**DATA SHOWN**
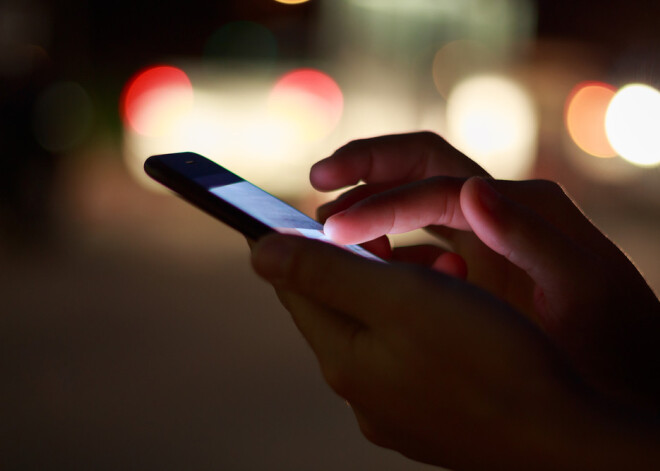 Видео дня: студентка разделась догола ради iPhone 7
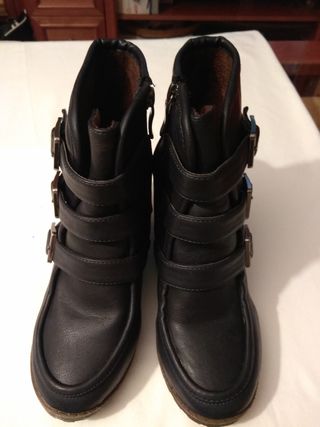 Botines cuña azul marino de segunda mano por 4,95 EUR en Alcorcón en  WALLAPOP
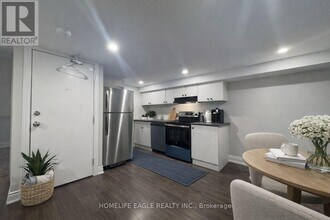 23 Lindridge Ave in Brampton, ON - Building Photo - Building Photo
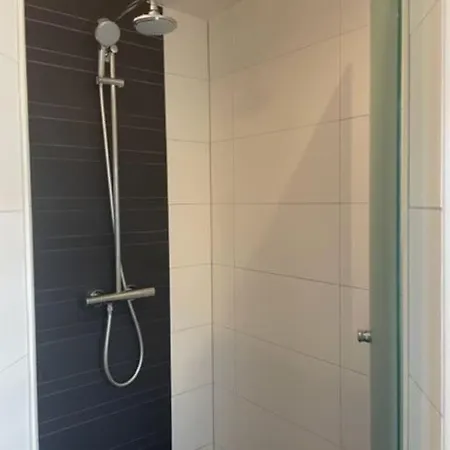 Zonnestraal 9p Amsterdam And The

**EXERCISE BRIEF**
No pictures belong in the copy. Return exactly the lines from the line containing "Botines cuña azul" through the last line of the listing.

**YOUR RESPONSE**
 Botines cuña azul marino de segunda mano por 4,95 EUR en Alcorcón en  WALLAPOP
 23 Lindridge Ave in Brampton, ON - Building Photo - Building Photo
 Zonnestraal 9p Amsterdam And The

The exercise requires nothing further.